If this works for you let me know and I can save some material for you to build your laminated core.

On a side note, I used to buy portable welders that were on the bum, if a generator sits idle for years or is roughly handled or dropped even a short distance you can knock the polarity out of it. And it will not generate to weld until it has been re polarized, an easy fix using a 12 volt battery and a set of jumper cables, just a quick touch to the terminals will fix the problem.

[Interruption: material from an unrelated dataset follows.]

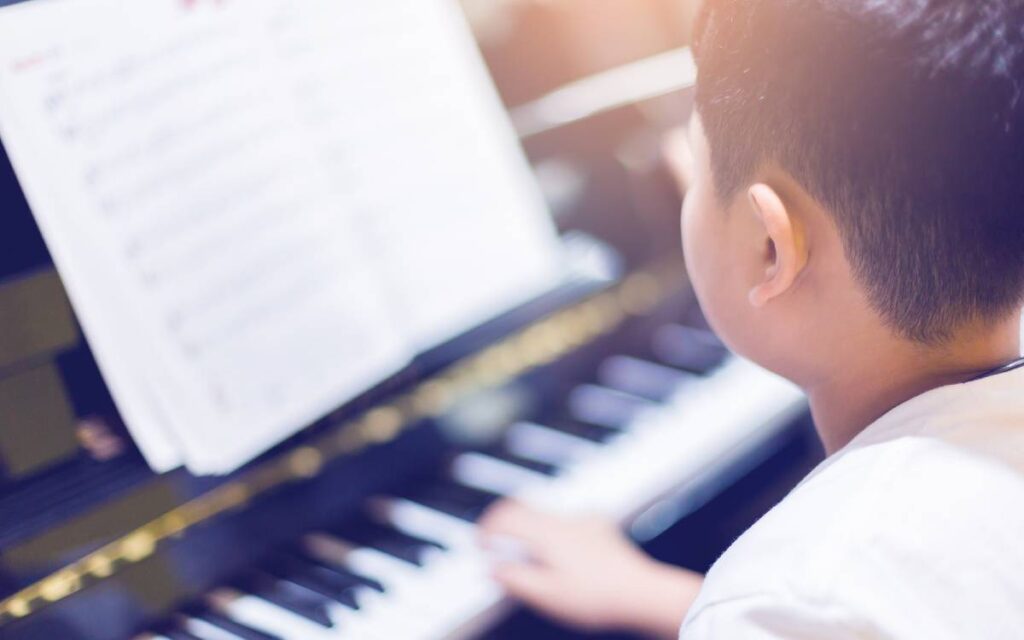 View of boy playing piano and reading sheet music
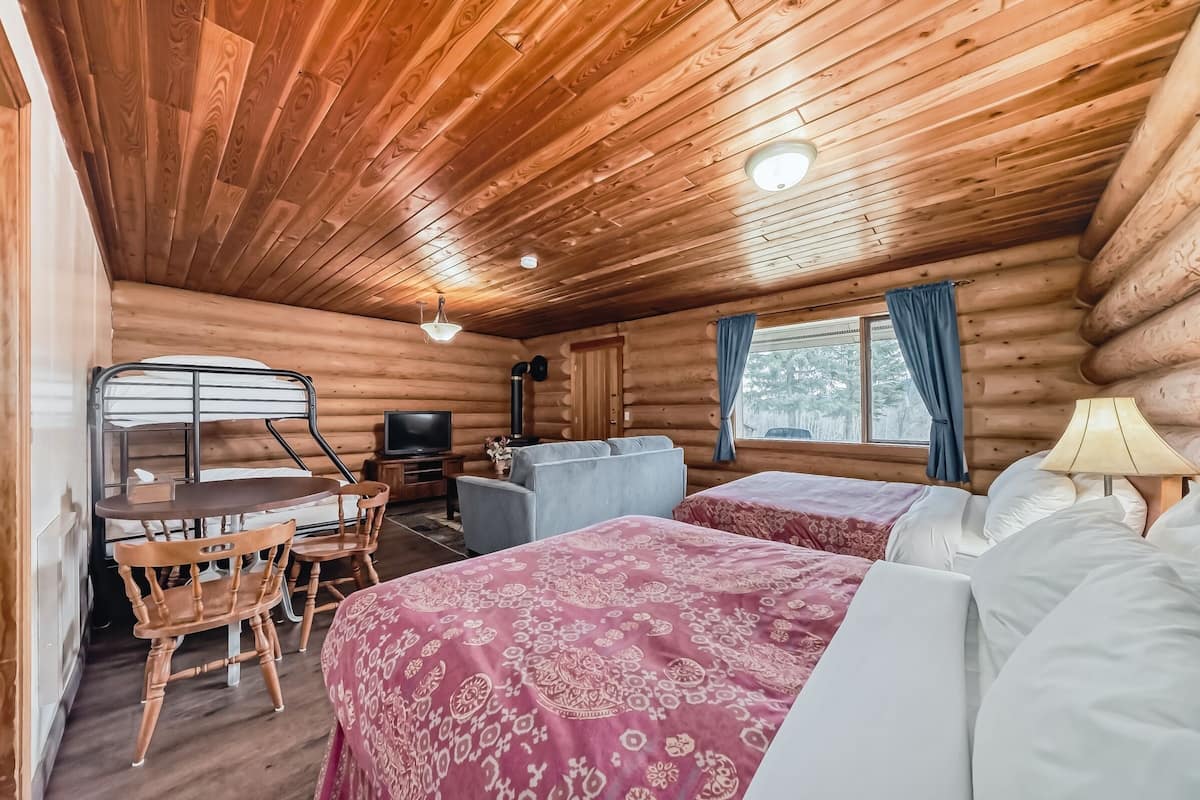 Habitació de cabana de fusta amb dos llits, una taula de dinar amb cadires, un televisor i una finestra amb cortines.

Sometimes the commutator will become egg shaped and the carbon brushes will bounce, another easy fix. Pull the carbon brushes back in their holders then lean the spring against them to hold in place while you use a block of wood with sandpaper to true up the commutator while running the engine at an idle. Just remove the high spots.

Miller Big 40's have a pair of rectifier bridges, 9 times of 10 a wire has come loose or a rectifier has gone bad, every time I pull a microwave apart and find a rectifier bridge I'm reminded of my old hobby.

Worse case scenario with the Miller Big 40, Auckland's, Canox, Air Liquid portables is a split commutator ring.


----------



## qst42know

> I have a project I'm working on and I need a straight section of laminated core. The core needs to be 1.5" x 1.5" x 6" (give or take). PM me if you come across a piece of one of the transformers (or other devices) that has a core segment of these dimensions.



You building a custom power supply Steve?


----------



## rusty

qst42know said:


> I have a project I'm working on and I need a straight section of laminated core. The core needs to be 1.5" x 1.5" x 6" (give or take). PM me if you come across a piece of one of the transformers (or other devices) that has a core segment of these dimensions.
> 
> 
> 
> 
> You building a custom power supply Steve?
Click to expand...


Maybe a Taser, wouldn't that be an electrifying experience.


----------



## Juan Manuel Arcos Frank

Nice work,Rusty!!!!!!!....Thanks for sharing it with us.

Kindest regards.

Manuel


----------



## lazersteve

qst42know said:


> You building a custom power supply Steve?


It's a back burner project. A mini-electric arc furnace that runs off of 120v mains.

Gill,

Please PM me with pricing on enough laminates for two cores as described if you can source the materials. All I need is the transformer laminates, I'll do all the fabrication.

Thanks,

Steve


----------



## goldsilverpro

I remember an old Report of Investigations (RI) published by the Bureau of Mines concerning the separation of copper from the armatures, etc. They used a molten salt bath of barium chloride or calcium chloride (I think). This melted the Cu only, which sank to the bottom and was tapped off periodically. They put the parts in a steel basket to dip them. The report also detailed how to prep the material - it has to be bone dry, of course, before putting it into the bath. I'm thinking the report was 20 or 30 pages long.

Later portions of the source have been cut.